**Action item:** All of the listing, from first line to last, should be output exactly; the pictures stay out.
——
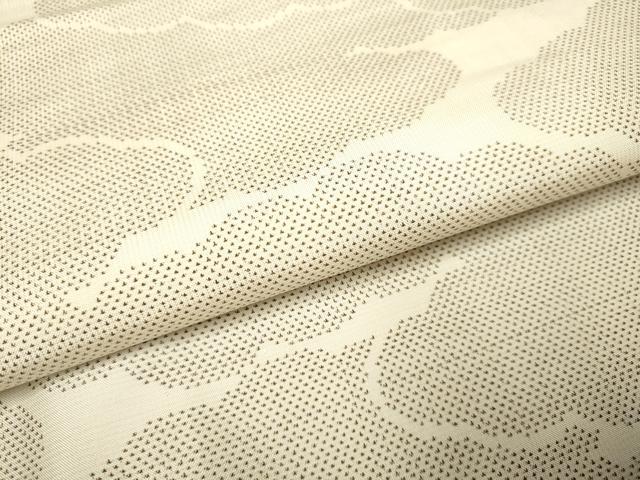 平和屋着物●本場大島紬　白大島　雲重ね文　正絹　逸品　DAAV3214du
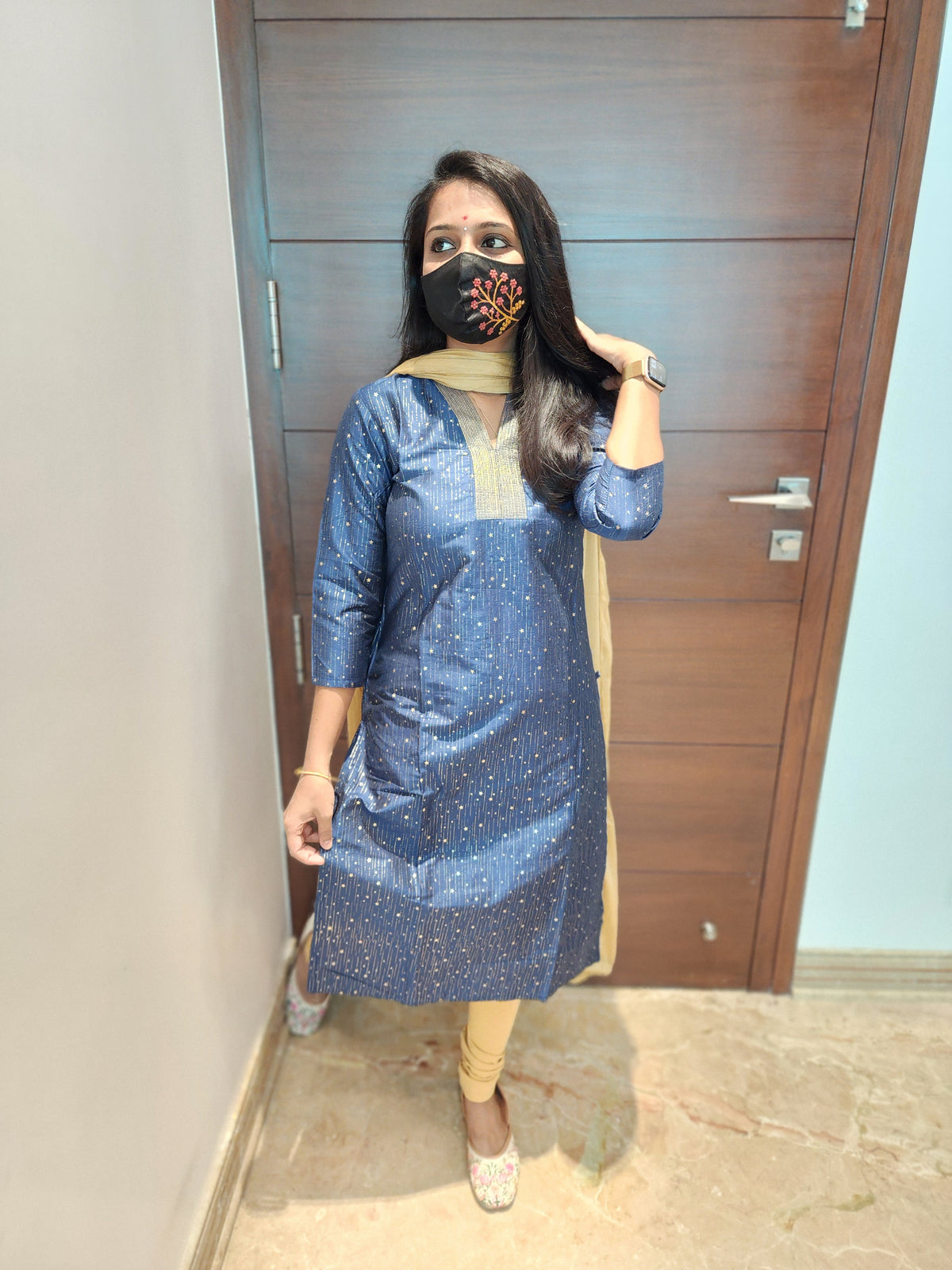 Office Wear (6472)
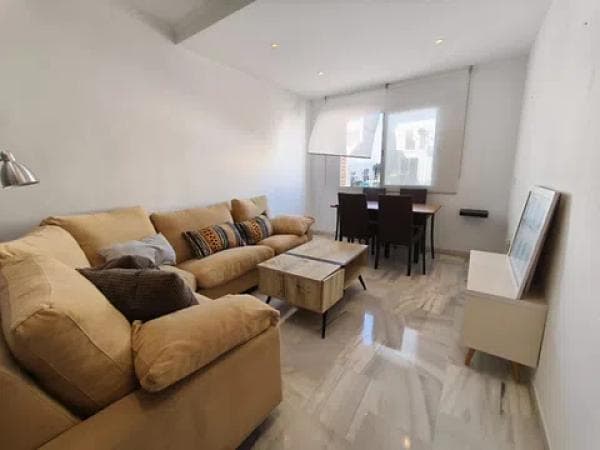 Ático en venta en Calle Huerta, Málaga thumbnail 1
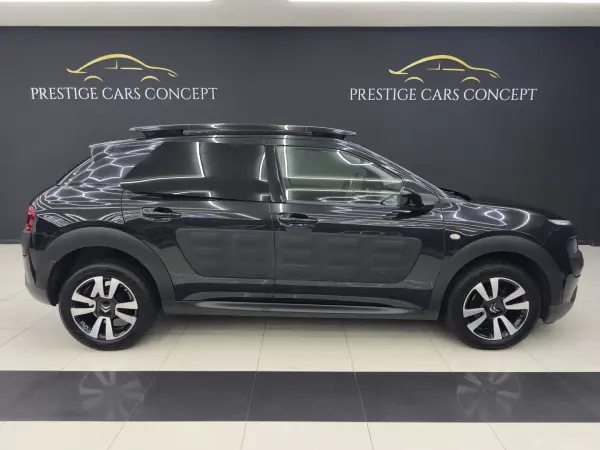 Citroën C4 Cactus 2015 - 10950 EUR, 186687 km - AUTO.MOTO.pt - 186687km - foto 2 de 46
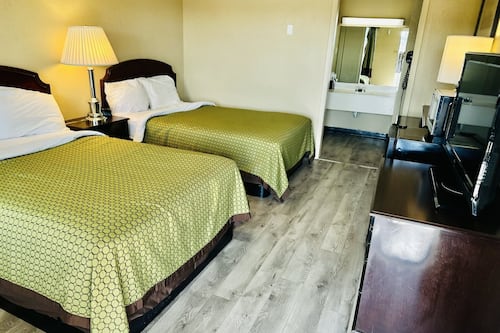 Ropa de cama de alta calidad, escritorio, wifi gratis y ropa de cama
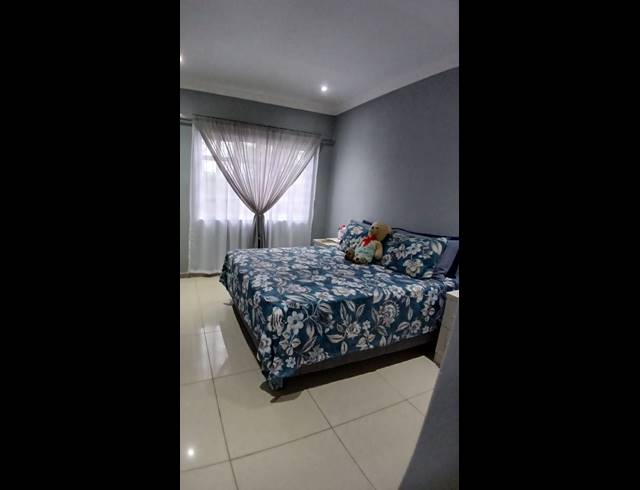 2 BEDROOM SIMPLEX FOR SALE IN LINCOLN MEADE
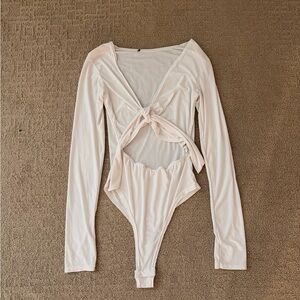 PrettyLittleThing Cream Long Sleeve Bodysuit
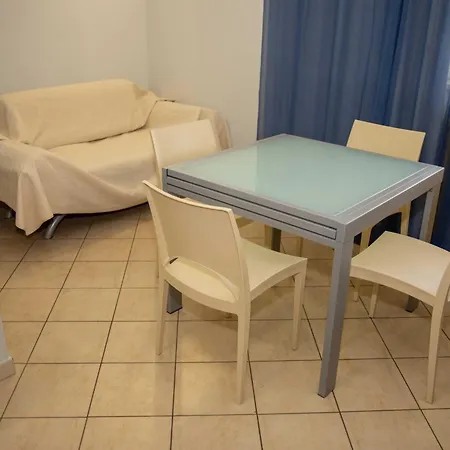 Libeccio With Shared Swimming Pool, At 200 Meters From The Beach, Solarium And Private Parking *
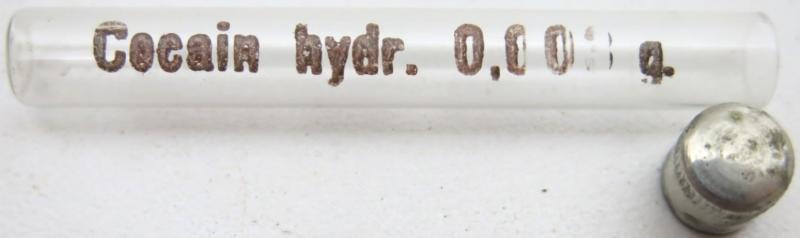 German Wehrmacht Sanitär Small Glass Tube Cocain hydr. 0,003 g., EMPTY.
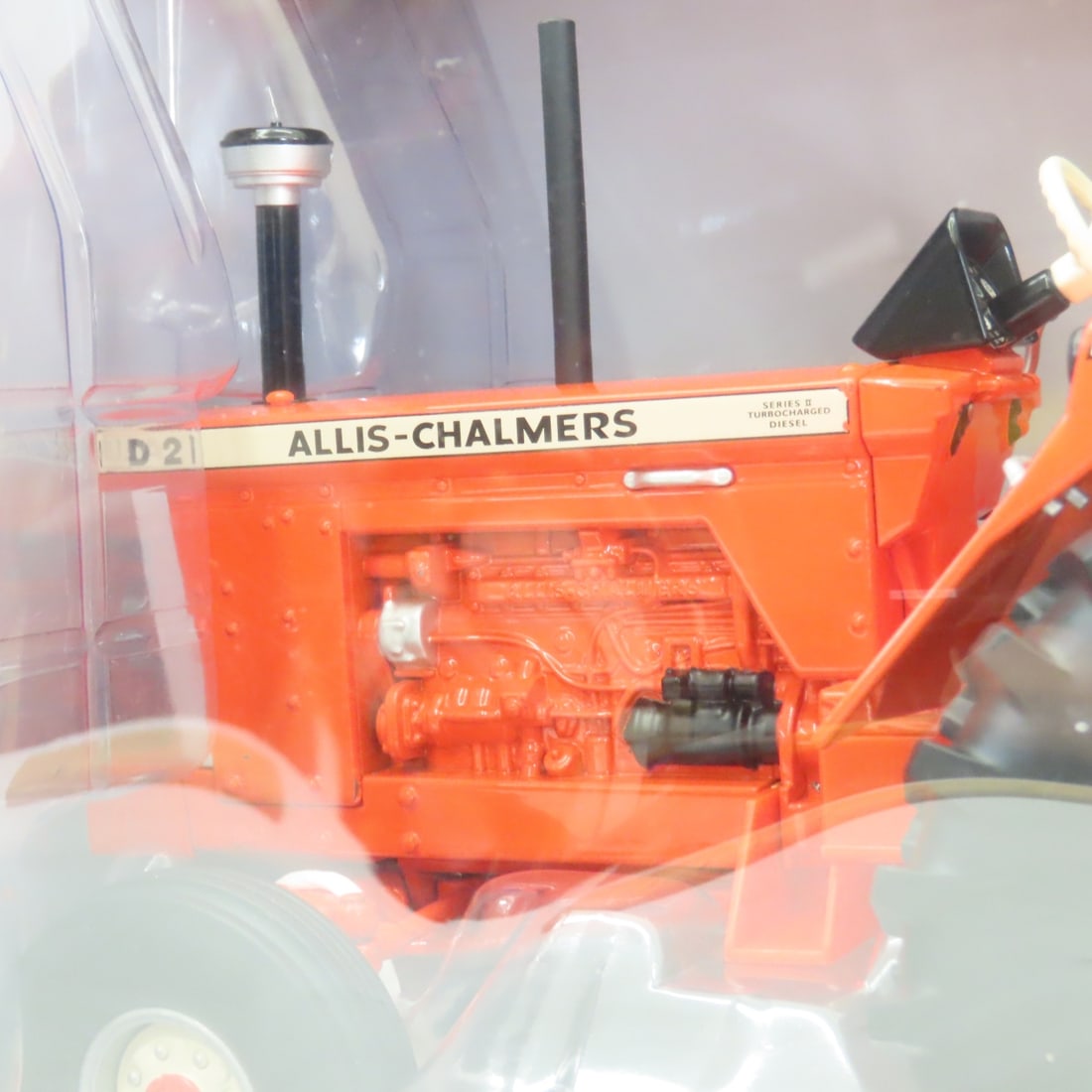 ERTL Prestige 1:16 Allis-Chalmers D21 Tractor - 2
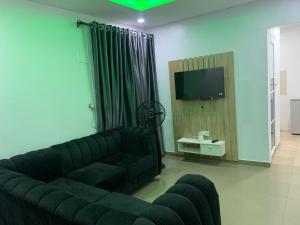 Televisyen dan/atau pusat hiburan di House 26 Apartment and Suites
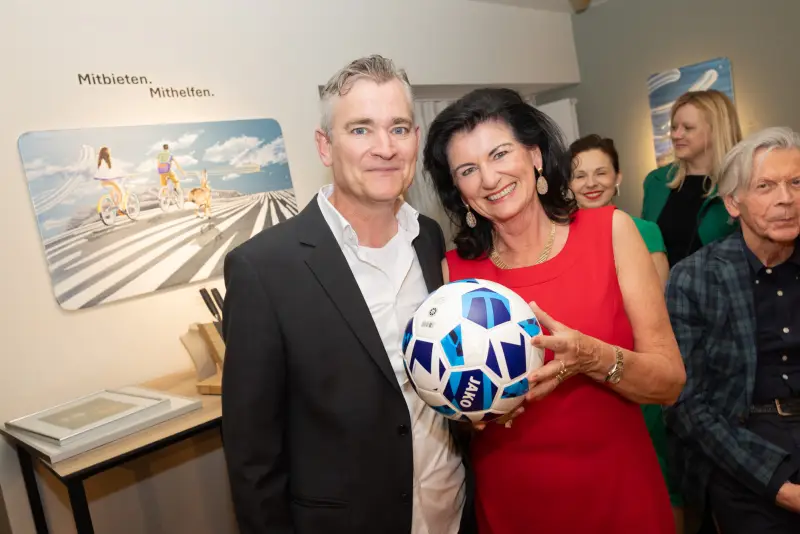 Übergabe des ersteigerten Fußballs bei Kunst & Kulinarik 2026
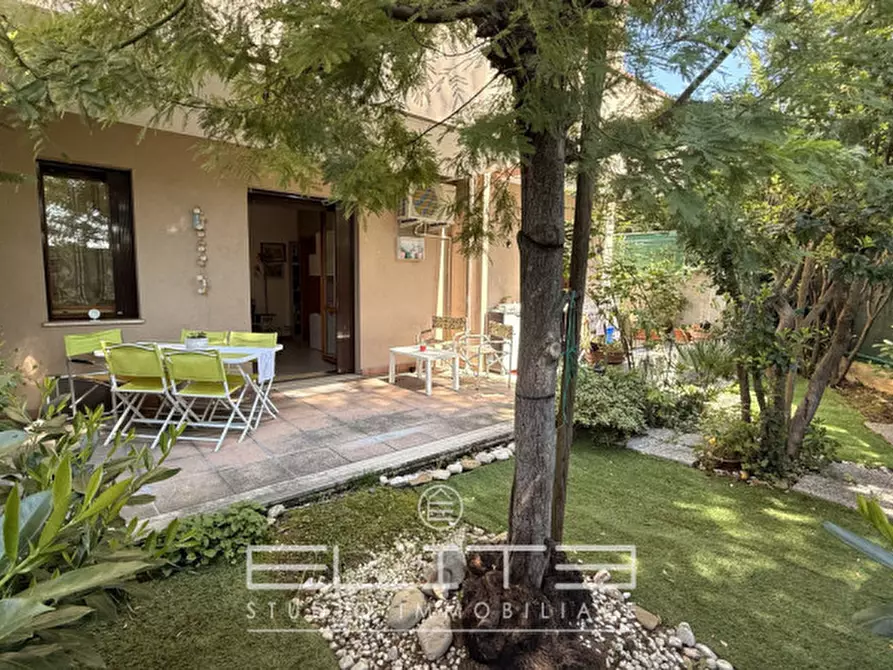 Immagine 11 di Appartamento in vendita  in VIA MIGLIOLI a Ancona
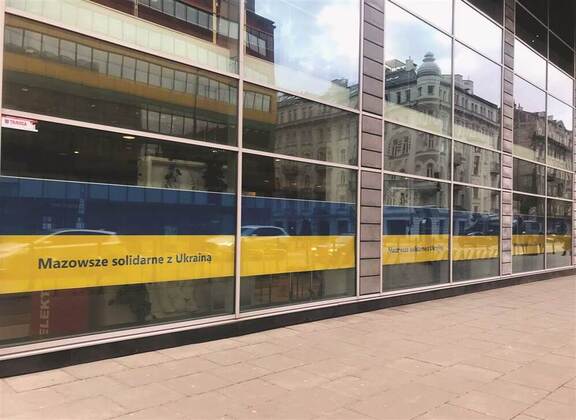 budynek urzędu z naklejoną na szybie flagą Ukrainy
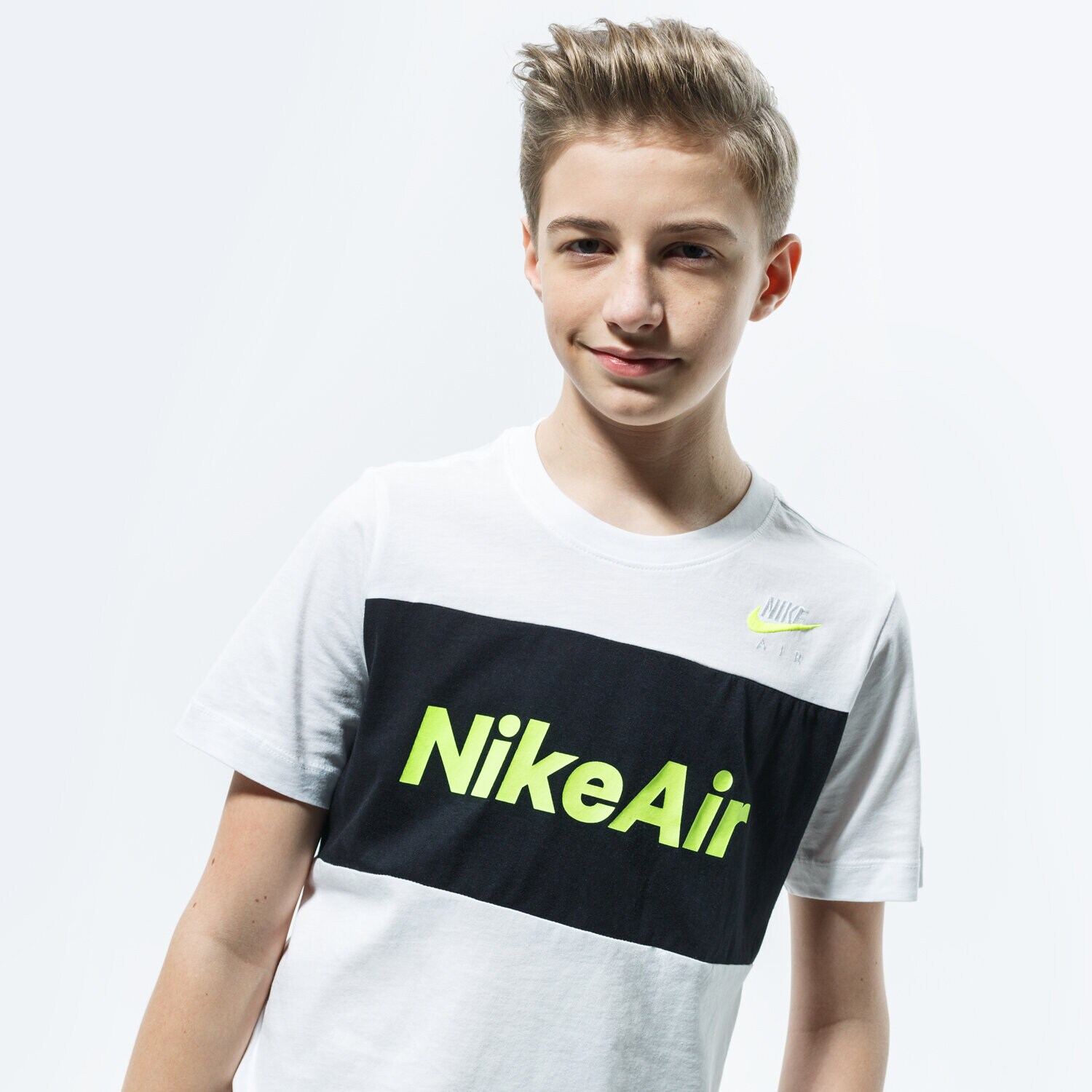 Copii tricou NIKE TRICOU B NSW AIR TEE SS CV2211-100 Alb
——
**Written response:**
 平和屋着物●本場大島紬　白大島　雲重ね文　正絹　逸品　DAAV3214du
 Office Wear (6472)
 Ático en venta en Calle Huerta, Málaga thumbnail 1
 Citroën C4 Cactus 2015 - 10950 EUR, 186687 km - AUTO.MOTO.pt - 186687km - foto 2 de 46
 Ropa de cama de alta calidad, escritorio, wifi gratis y ropa de cama
 2 BEDROOM SIMPLEX FOR SALE IN LINCOLN MEADE
 PrettyLittleThing Cream Long Sleeve Bodysuit
 Libeccio With Shared Swimming Pool, At 200 Meters From The Beach, Solarium And Private Parking *
 German Wehrmacht Sanitär Small Glass Tube Cocain hydr. 0,003 g., EMPTY.
 ERTL Prestige 1:16 Allis-Chalmers D21 Tractor - 2
 Televisyen dan/atau pusat hiburan di House 26 Apartment and Suites
 Übergabe des ersteigerten Fußballs bei Kunst & Kulinarik 2026
 Immagine 11 di Appartamento in vendita  in VIA MIGLIOLI a Ancona
 budynek urzędu z naklejoną na szybie flagą Ukrainy
 Copii tricou NIKE TRICOU B NSW AIR TEE SS CV2211-100 Alb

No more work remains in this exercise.